Monday, August 21, 2006

Blog Stuff: Have y'all never seen Falling Down?

When Cranky Gun Store Lady wheels up to your drive-thru mike and orders her customary "Two sausage burrrritos (I lurve rolling that "r"!) with four packets of hot sauce, please!" and you say "We're serving lunch now, ma'am," and the sign on your restaurant says breakfast is served 'til 10:30 and it's only 10:22 and she's driven like a crazy woman to get there on time, it would be wise to remember that the trunk of the Beemer contains a very scary-looking M4 carbine.

*Sigh.*

Jerks.

11 comments:

Anonymous said...

Perhaps we need to modify the famous dictum that "An armed society is a polite society" to "An armed society is one where breakfast is served whenever it is damn well wanted."

Anonymous said...

Waffle House needs a drive-thru.

theirritablearchitect said...

I usually find myself in a red curtain of blood rage at similar instances, but instead of the M4/.223-powered shooting spree, I substitute imagery of pummeling the offending party to death with my bare fists.

I love a good fist-fight in the morning.

BTW, Falling Down would have been SO much better if it had just been some normal dude having a bad day, doncha think?

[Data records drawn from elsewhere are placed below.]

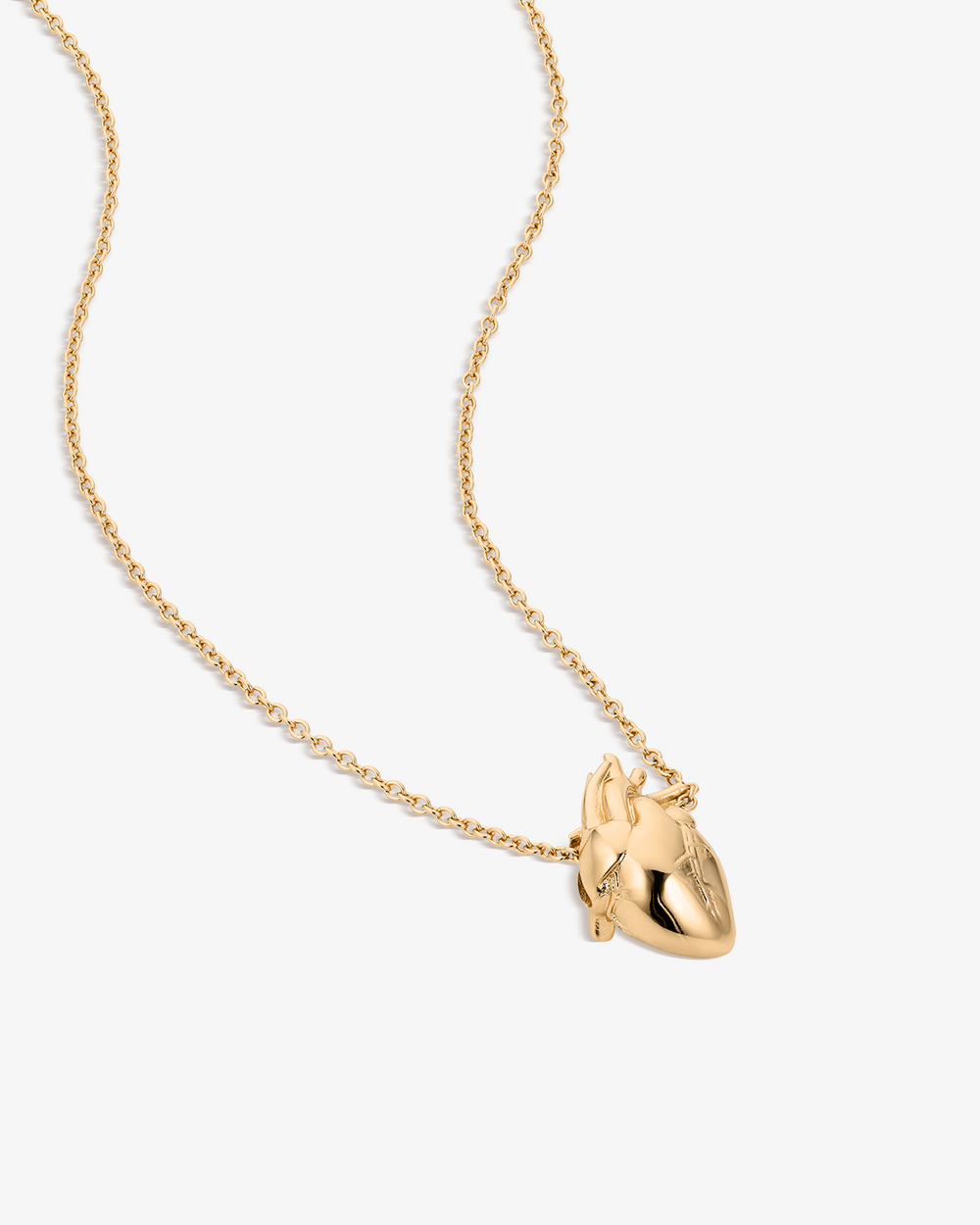 Jumbo Anatomical Heart Necklace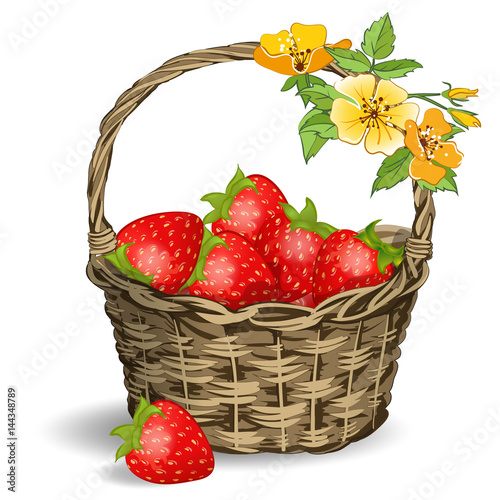 strawberries in the basket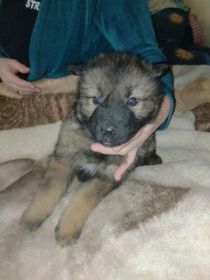 Oddam owczarki niemieckie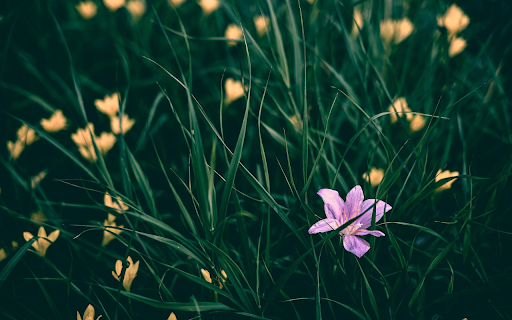 Purple and yellow flowers  from Chrome web store to be run with OffiDocs Chromium online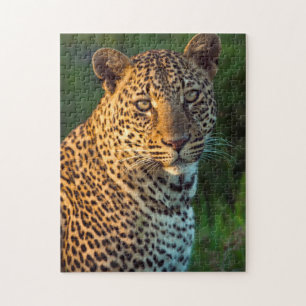 Puzzle Leopardo Masculino (Panthera Pardus) Cubo de creci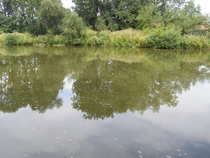 foto/diskuze/usti_nad_labem/2012/th-img50020.jpg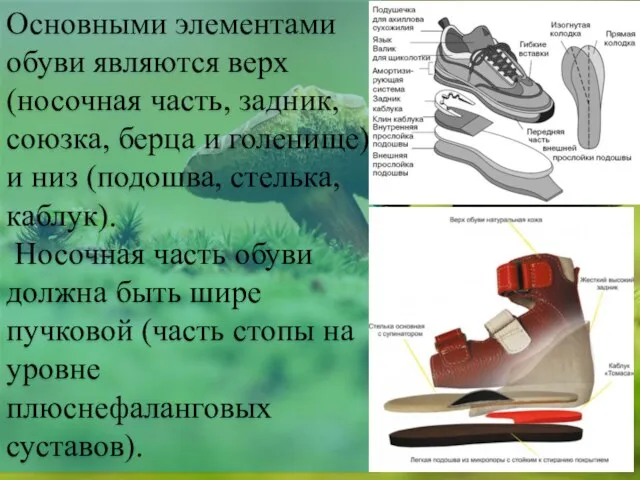 Основными элементами обуви являются верх (носочная часть, задник, союзка, берца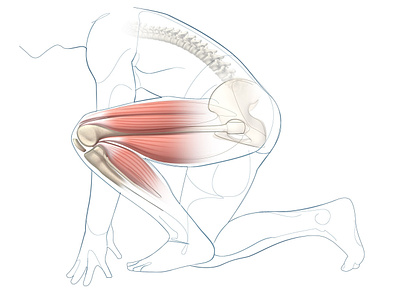 internal anatomy of knee and hip joint, with muscles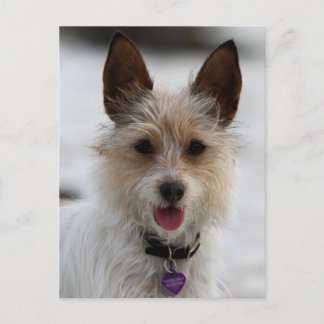 Postal Jack Russell Terrier Mix - Winnie - Omán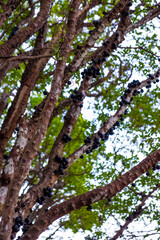 Jaboticabeira cheia de jaboticabas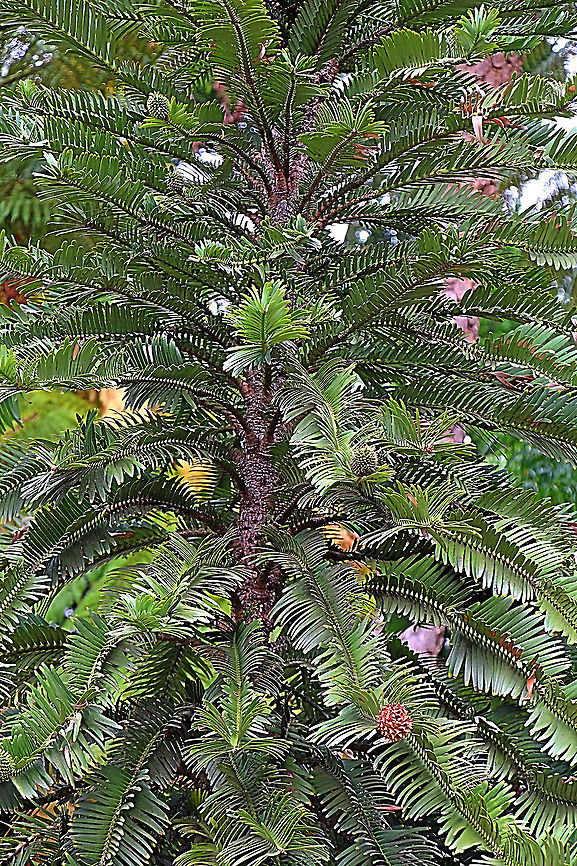Wollemia - Wollemia nobilis I spend some time this year very near to the Wollemi National Park where the Wollemi pine was discovered in 1994 . There is really no way for general visitors to get granted access to see them in the natural habitat . I alwise wanted to see them and therefor I visited the Botanical Gardens near Mount Anan where they have propagated the Wolllemia from cuttings.  Australia,Geotagged,Summer,Wollemia,Wollemia nobilis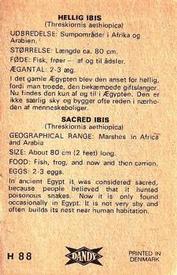 1969 Dandy Gum H Wild Animals (A) (Danish/English) #88 Sacred ibis Back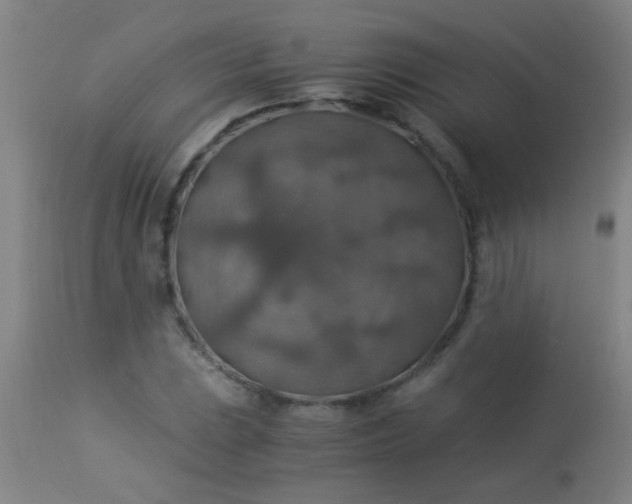 X0000114171023200910221646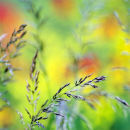 Grasses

theirritablearchitect said...

Tam,

On a parallel thought, being a whole 5'-12", do you think it a better idea for you to maybe go inside and step up to the counter, perhaps wearing a pair of 3" heel, combat style boots.

LOTS less arguing over the time of day, methinks.

Zendo Deb said...

You need to find a better brand of breakfast.

I realize drive-thru is great for those times when you are on the run, but breakfast really demands pancakes and hot maple syrup. (Do not skimp on the butter!)

Anonymous said...

Pancakes? What the hell? Biscuits and sausage gravy with a side of grits that have a bit of country ham sprinkled atop...preferably from a feral hog.

Anonymous said...

... instead of the M4/.223-powered shooting spree, I substitute imagery of pummeling the offending party to death with my bare fists.

Because, of course, visualizing a horrible screaming death behind the counter is just so much more satisfying.

(Me, I don't get that upset about anything short of riots in the street.)

Anonymous said...

I've heard that fast-food places stop serving breakfast because they have to change the temperature on their grills to cook burgers.

Anonymous said...

Some morning when you're wanting a good breakfast, but aren't in a hurry: Head toward Gatlinburg. On the south side of Pigeon Forge, on the left at the edge of town is a little restaurant. I disremember the name. The really good thing is that there is a smoking section.

SWMBO is a biscuits'n'gravy freak. She had a serious case of the drooling slobbers, all through breakfast.

Worth the trip.

:-), Art

Dr. StrangeGun said...

Anonymous is on to something there, it takes quite a bit more heat to cook that hamburger-like substance than it does to cook the egg-like substance.

I figure they've got to scrape the egg crispies off the grill before the burgers go on too, lest the meat have a more unusual taste than usual :)

(admitted, my guilty pleasure breakfast is a sausage egg mcmuffin, coffee, and one of their chicken biscuits. If they served the breakfast chicken patty in a sandwich I wouldn't be able to fit in my truck anymore.)

sqzetdlz!

shooter said...

I was almost mugged in a Whataburger drive through. Right at the window. Introduced Mr. Crackhead to Mr. Springfield. They didn't get along. Now the staff at my local Whataburger give me extra ketchup for my fries. Never had that happen before.